On 8/11/2011 8:16 PM, David Barbour wrote:

On Thu, Aug 11, 2011 at 5:06 PM, BGB <cr88...@gmail.com <mailto:cr88...@gmail.com>> wrote:


    the big problem though:
    to try to implement this as a sole security model, and expecting
    it to be effective, would likely impact language design and
    programming strategy, and possibly lead to a fair amount of effort
    WRT "hole plugging" in an existing project.


A problem with language design is only a "big problem" if a lot of projects are using the language. Security is a big problem today because a lot of projects use languages that were not designed with effective security as a requirement.

or:
if the alteration would make the language unfamiliar to people;
if one has, say, a large pile of code (say, for example, 500 kloc or 1 Mloc or more), and fundamental design changes could impact any non-trivial amount of said code.

for example, for a single developer, a fundamental redesign in a 750 kloc project is not a small task, and much easier is to find more quick and dirty ways to patch up problems as they arise, or find a few good (strategic and/or centralized) locations to add security checks, rather than a strategy which would essentially require lots of changes all over the place.
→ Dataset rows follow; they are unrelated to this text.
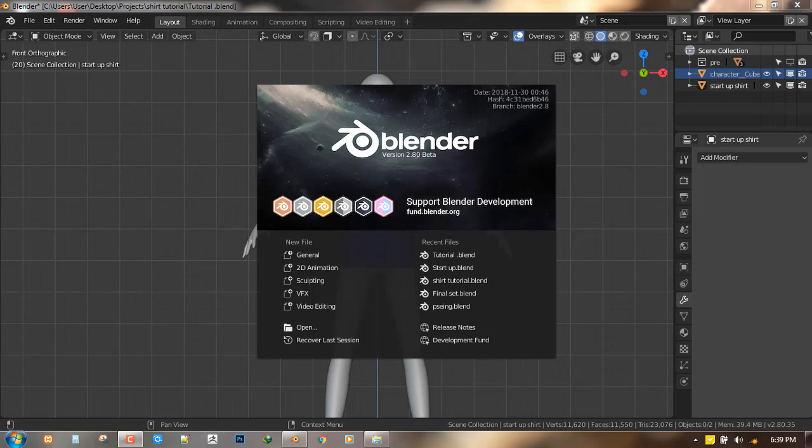Hello and welcome to this Blender tutorial brought to you by Lewis Art. My name is Imando Lokafor, and in this tutorial I'll be showing you how to create a simple pocket inside Blender.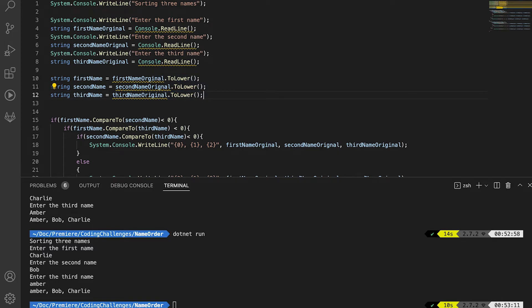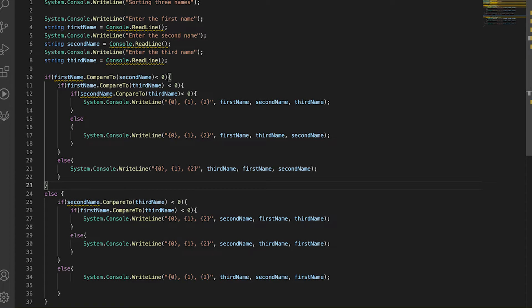I found this one quite interesting because we're forced to use nested if statements to solve this. In real C# development there are much easier solutions — for example with arrays you can use .Sort(), or use LINQ's OrderBy() function, which automatically sorts alphabetically or numerically. You'd never write code like this in production as it doesn't scale, but it helps you understand the logic of how to piece different comparisons together.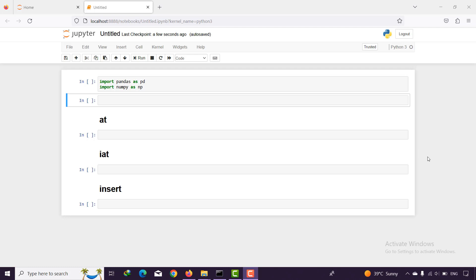Hello everyone, welcome back to this pandas tutorial. In this session I'm going to talk about at, iat, and insert.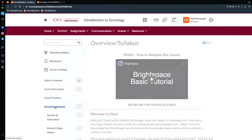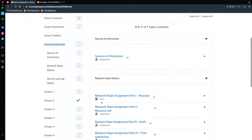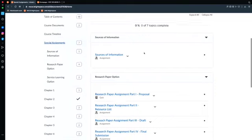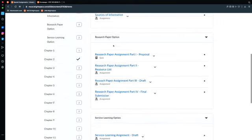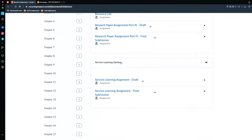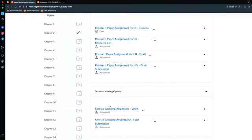If I click on that, you will see the three special assignments. The first one is sources of information — we haven't done that yet — and then the research paper option and the service learning option. You'll notice that each one of them has a quiz called a proposal, but it's missing on my sociology class, so I'll have to fix that with all the sociology classes. My apologies for that.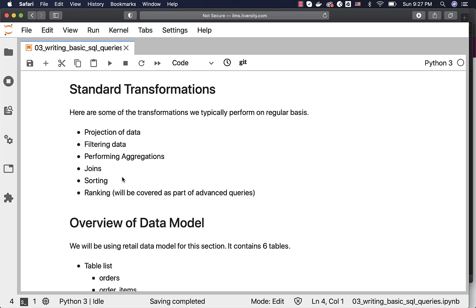Then we perform sorting as part of basic SQL queries. We might sort on one column, multiple columns. We might want to sort in ascending order or descending order or combining them when we try to sort using multiple columns. All those aspects we will be seeing when we get into the sorting.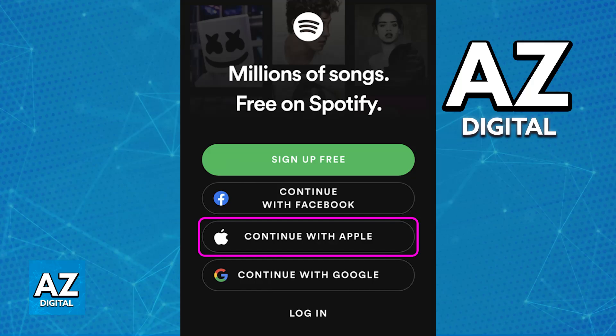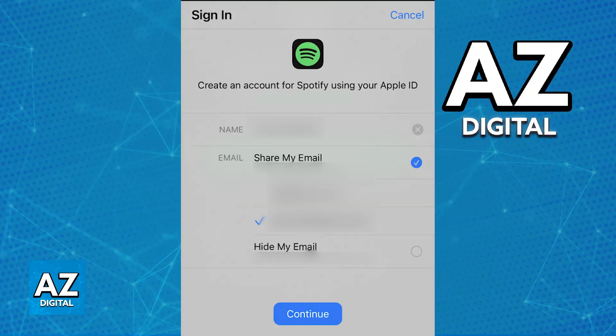All you have to do is choose the Sign in with Apple button. Immediately upon choosing that option you may be asked to choose whether to share your email address with Spotify or use a unique one. Just follow the remaining prompts on screen and you will be able to complete the sign-in process.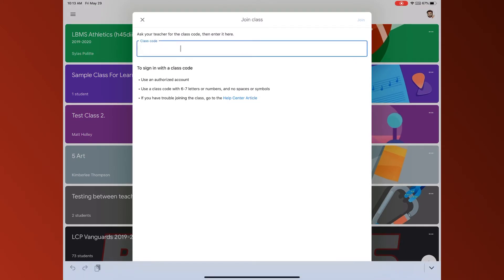Or the visual that you have that shows the code that is the join code for the Google classroom. So I'm going to enter the one I have. Now when you're ready you're going to click the join button.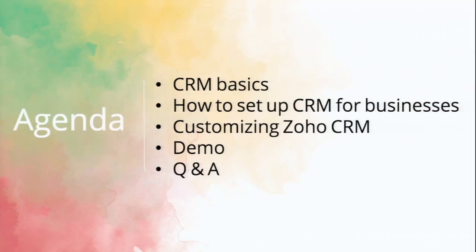Again, just to introduce myself. My name is Samir. I'm one of the pre-sales engineers at Zoho in our Austin, Texas office. So here's some of the things we're going to be going over today. We'll go over the basics of what a CRM is and why you might need it for your business.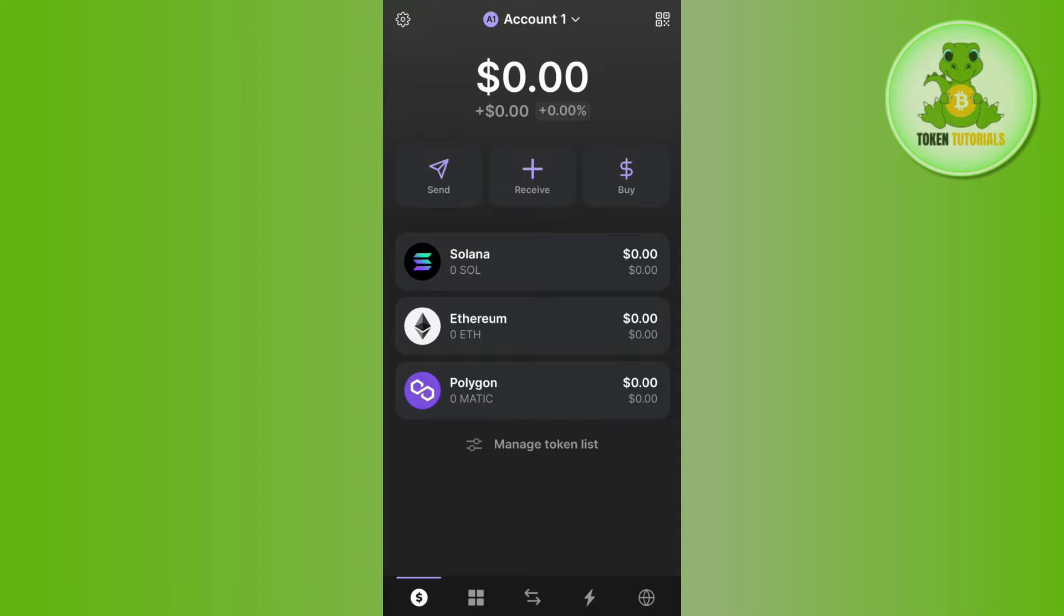Now once you've successfully logged in, on the home page you are going to see all of the coins that you have in your Phantom wallet. Now here, in order to purchase any of the other meme coins, you need to make sure that you have enough Solana in your account in order to bear the gas fees.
    how to effectively prevent spoofing (say, one manages to "extract"
    the key from a trusted app, and then signs a piece of malware with
    it).


Reason about security /inductively/. Assume the piece holding the key is secure up to its API. If you start with assumptions like: "well, let's assume the malware has backdoor access to your keys and such", you're assuming insecurity - you'll never reach security from there.


the problem though is that it may be possible for a person making the piece of malware to get at the keys indirectly...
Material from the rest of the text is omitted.